When the river is up and muddy suckers will still bite if you find the right spot. It really doesn't matter how dirty the water is at all. I have done plenty of sucker fishing when all else is a no go. The white suckers run first and now is a good time to target them. The red horse suckers run a little later and those can be very large and fun to catch. I prefer the vermilion river because it's my home river but I'm sure they all get good runs.


----------



## JohnJH (Feb 3, 2015)

bountyhunter said:


> where you located? any where along the nim creek off rt 62 and middlebranch rd, is good.


Im near clinton


----------



## Doboy (Oct 13, 2008)

Franklin???? South of Alliance.
Your not very far from the Beaver Rivers?
They are chuck full of 'em. One of my favorite places to catch 'em,,, & just the right size for bait
V small bobber, split, #12-#14 hook and a 1/4" piece of worm. Drift through the holes, dragging bottom.
OR, if you fish the Ohio River dams,,,, you can catch the huge ones,,,,, some days, non-stop.
The Bula, Conn & Erie feeder Rivers,,, like someone else said, there will be thousands of 'em in those rivers. 
They come up river after the steelhead run, to spawn & eat all of the steelhead eggs. (so I believe)
Same deal,, drift a red-worm or chunk of nightcrawler.
I have an old friend who loves to eat 'em. He says that they are WAY BETTER than steelhead,,,,,,,
enjoy


----------



## JohnJH (Feb 3, 2015)

Im laid up do to an ankle injury but as soon as I am off crutches I wanna start fishin again. I have lots of little creeks near me do you think they'd have any? Most of them flow from the tusc or Chippewa creek. But im willing to drive to the afore mentioned rivers up north as well


----------



## JohnJH (Feb 3, 2015)

Doboy said:


> Franklin???? South of Alliance.
> Your not very far from the Beaver Rivers?
> They are chuck full of 'em. One of my favorite places to catch 'em,,, & just the right size for bait
> V small bobber, split, #12-#14 hook and a 1/4" piece of worm. Drift through the holes, dragging bottom.
> ...


Ya down there. Thanks I'll have to try that!


----------



## JohnJH (Feb 3, 2015)

So when fishing for suckers use small equipment and bait? and just let it float under a bobber through holes? ive never tried live bait in the river so im not really familiar with the technics


----------



## laynhardwood (Dec 27, 2009)

I would use small hooks but fish bottom personally. Suckers love night crawlers I use the tail sections first and thread them up the hook. Fish eddies along current seams. Sucker bites are very subtle you will only see your rod tip slightly dancing. Red horse suckers sometimes do run with it but white suckers will just mouth your bait. I have done quite a bit of sucker fishing when the river is blown out and nothing else is doing.


----------



## creekcrawler (Oct 5, 2004)

Gotten some Red Horse that were HUGE in the 'Hoga. 18"+ easy.
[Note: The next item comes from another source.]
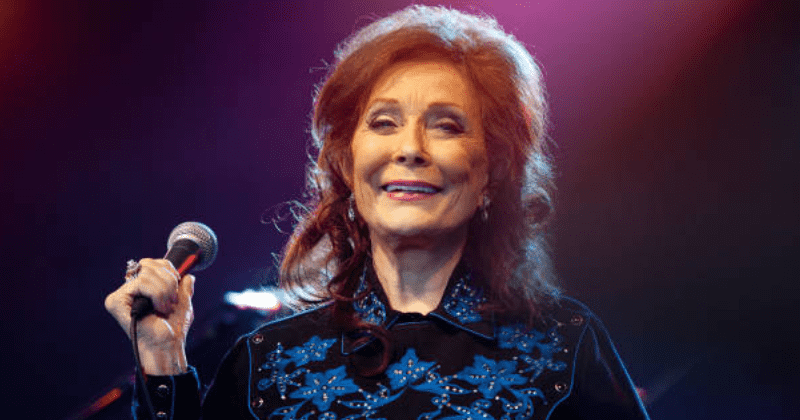 MANCHESTER, TN - JUNE 11: Loretta Lynn performs during the 2011 Bonnaroo Music and Arts Festival on June 11, 2011 in Manchester, Tennessee. (Photo by Erika Goldring/WireImage)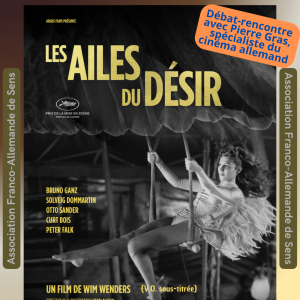 Projection « Les ailes du désir »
They will tear **** up on ultra light!


----------



## 1MoreKast (Mar 15, 2008)

FISHAHOLIC85 said:


> Rocky River gets a great run of them. Normally mid march-april should kick it off. I've caught em on spawn sacs, gulp minnows, can prob catch em drifting crawlers or salted shiners under a float too. They get THICK in there. good place to start in the beginning is between Emerald necklace marina to Morley ford. They stack up under the dams and fords. Good luck and have fun!


They certainly do get thick in there. You will most definitely get into them!


----------



## canoe carp killer (Apr 2, 2014)

Anyone have any ideas for suckers in and around Columbus area? Would really like to catch some to use for love bait for cats. Maybe a dozen...


----------



## exide9922 (Aug 9, 2010)

bountyhunter said:


> where you located? any where along the nim creek off rt 62 and middlebranch rd, is good.


where are some public areas you can fish off of middlebranch for these? do you mean that park area right by middlebranch and martindale? never knew what the creek was called


----------



## baitguy (Dec 17, 2013)

there's a lot of spots in Rocky River, the sttetch to those first couple riffles can get popular, but they get quite a ways up ... I'm partial to being right on the bottom for suckers, seems like that's where they usually hang out ... small hook, 6-8-10 w/a long shank ... like's been mentioned, they aren't a real heavy biter, they can swallow the hook pretty easy, the long shank makes it easier to get it out ... if you run into a big ole carp that light tackle will get a workout ...


----------



## baitguy (Dec 17, 2013)

Doboy ... how does your friend clean them to eat? is there a way to fillet them and get anything worthwhile, they have a lot of bones ... I knew an old timer many years ago that used to grind them up and make sucker patties ...


----------



## canoe carp killer (Apr 2, 2014)

baitguy said:


> Doboy ... how does your friend clean them to eat? is there a way to fillet them and get anything worthwhile, they have a lot of bones ... I knew an old timer many years ago that used to grind them up and make sucker patties ...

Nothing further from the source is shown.